Paul Ashwin, professor of higher education at Lancaster University, agreed. “My understanding [is that] the shift of teaching intensity out of the TEF is a recognition that teaching intensity is not a valid measure of teaching quality,” he said.
Professor Ashwin said that it was right that prospective students had clear information on the number, type and size of teaching sessions they could expect. However, a stand-alone teaching intensity measure could deter universities from improving their programmes in “innovative and exciting ways, because they are worried about being accused of having misled students”, he said.
Michael Merrifield, professor of astronomy at the University of Nottingham, said that piloting of the government’s proposals for measuring teaching intensity had “redoubled” his nervousness about the unintended consequences of a new metric. One option under consideration would have seen universities assessed according to their “gross teaching quotient”, a measure of contact hours, weighted by class size, rewarding small-group teaching. Another that would have weighted contact time by staff seniority was labelled “absurd”.

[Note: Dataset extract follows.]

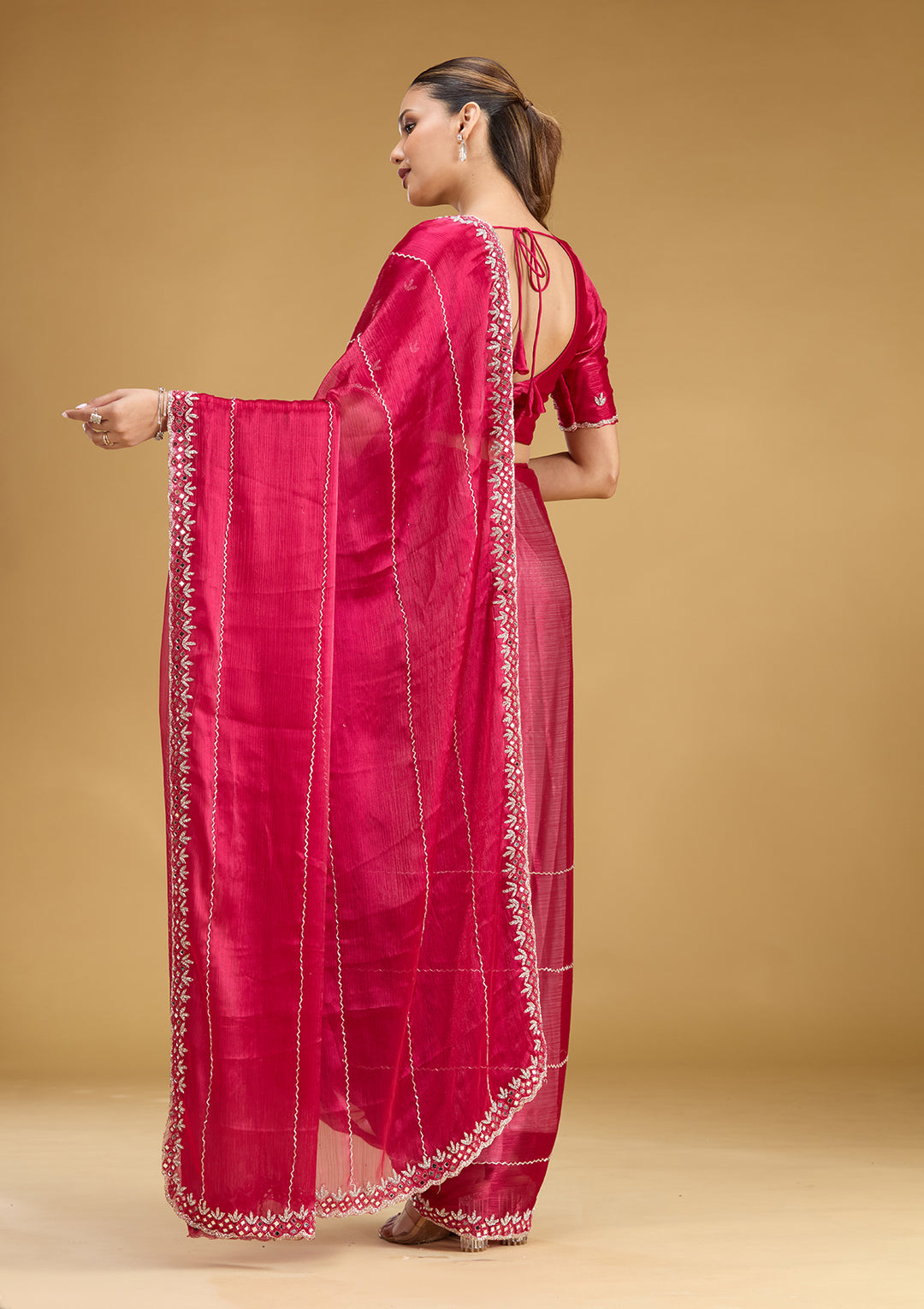 Rani Pink Tissue Cutdana Saree With Matching Blouse Piece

Effective and innovative teaching “is really not conducive to this very algorithmic approach”, Professor Merrifield said.
An OfS spokeswoman admitted that the “issue is complex”.
“By talking with students we will understand what they want and their expectations,” she said. “We are looking at ways to ensure that [institutions] provide much clearer and more transparent information for students about what teaching time, contact time and independent study time they should expect to experience on a particular course and why.”